[Biojava-l] Request for help!

Wed Jul 4 12:55:28 UTC 2007

In Perl it is easy enough to regex-replace s/\n\r/\n/g and s/\r//g  
though I'm not sure this wouldn't incur too much overhead in Java.

You can certainly detect the eol character(s) by line.indexOf('\r');  
if found and the preceding character is '\n' you have DOS/Win-style  
line endings, and otherwise if found it is Mac-style.

However, this all seems like a lot of trouble to go through if all  
that one would need to ask of people is to make sure that the file  
matches the native eol style of the platform, which is really trivial  
to achieve.

For example, to convert Win-style line endings to  Unix:

	$ perl -pi -e 's/\r//g;' <your-files-here>

and from Mac to Unix:

	$ perl -pi -e 's/\r/\n/g;' <your-files-here>

I have these and other simple conversions defined as aliases in  
my .profile, and don't really ever worry about writing lots of code  
to accommodate arbitrary line endings :-)

-hilmar

On Jul 4, 2007, at 4:06 AM, Richard Holland wrote:

> -----BEGIN PGP SIGNED MESSAGE-----
> Hash: SHA1
>
> Hi guys.
>
> I need help with a programming question!
>
> In Java, you can find out the line-end symbol that the JRE is using by
> calling:
>
>    System.getProperty("line.separator");
>
> On *nix this returns "\n", for instance.
>
> Our file parsers all rely on this to return the symbol to break  
> lines at
> when parsing files.
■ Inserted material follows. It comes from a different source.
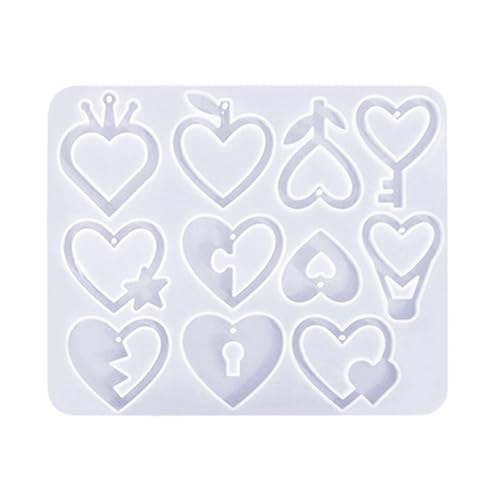 Herzförmige Schmuckform für Anhänger, Basteln, Silikonform für Schmuckherstellung, Ornament, Handwerk, Epoxidharz-Formen von LIGSLN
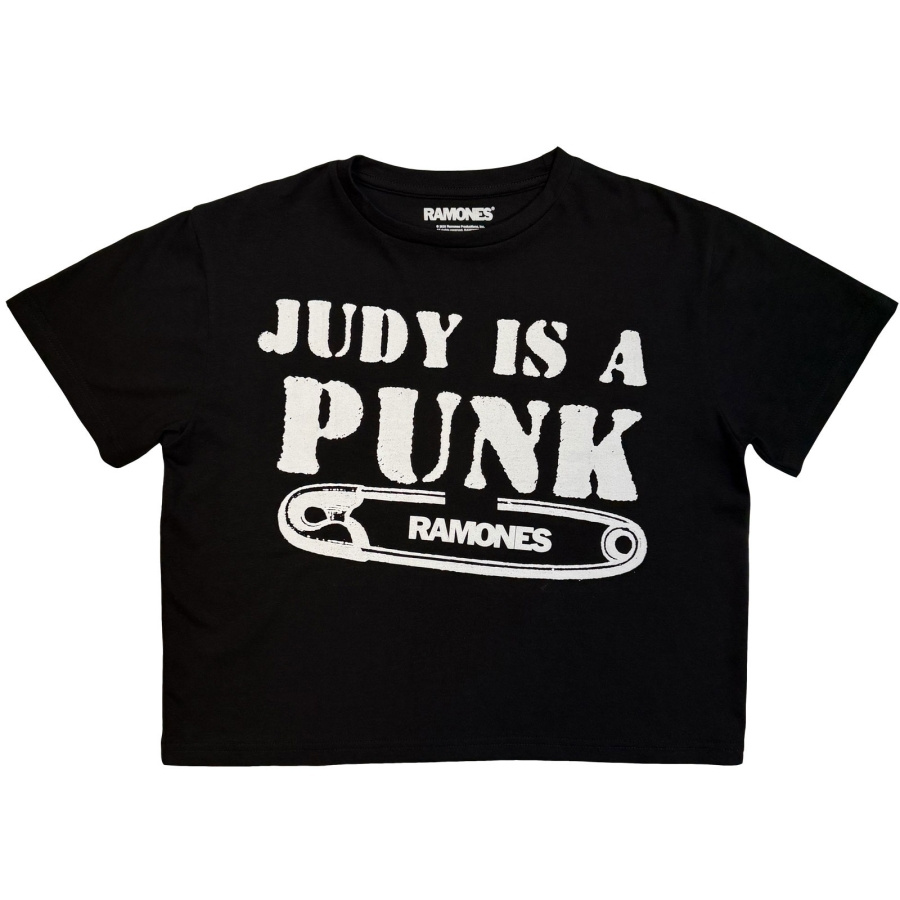 Ramones - Judy Is A Punk Lady Bl Crop Top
This usually works fine.
>
> BUT... on Windows machines, for certain files, it does not appear to
> work! I suspect that these text files were generated on a *nix machine
> then transferred by copying files across file systems using native  
> copy
> commands, or using binary FTP so that the system retained the *nix
> line-end symbols instead of replacing them for the local line-end
> symbols as it would have done if they were transferred in text mode  
> via
> FTP.
>
> I don't have access to a Windows machine I can test on, but I suspect
> that the fix is quite a simple one and boils down to replacing the
> System() call with something more intelligent.
>
> Is there any regex or similar thing we can use to spot _all_ kinds of
> line-end symbols in text files regardless of the platform the file was
> created on or the platform the parser is being run on?
>
> (For information, the only two users who have reported problems like
> this are both using Nexus files - I'm not sure what tool generated  
> them
> though. The Nexus parser uses the same rules as all the other  
> parsers in
> BioJava so I don't think there's anything specifically wrong with  
> it as
> opposed to say the GenBank or FASTA parsers.)
>
> cheers,
> Richard
>
> -----BEGIN PGP SIGNATURE-----
> Version: GnuPG v1.4.2.2 (GNU/Linux)
> Comment: Using GnuPG with Mozilla - http://enigmail.mozdev.org
>
> iD8DBQFGi1T74C5LeMEKA/QRAqoeAKCf311nLYPqysNfUVLMy28H0FBMTgCcDaVh
> 3ppr3WRdJcQgzIAJdUoIX0U=
> =Cboa
> -----END PGP SIGNATURE-----
> _______________________________________________
> Biojava-l mailing list  -  Biojava-l at lists.open-bio.org
> http://lists.open-bio.org/mailman/listinfo/biojava-l

-- 
===========================================================
: Hilmar Lapp  -:-  Durham, NC  -:-  hlapp at gmx dot net :
===========================================================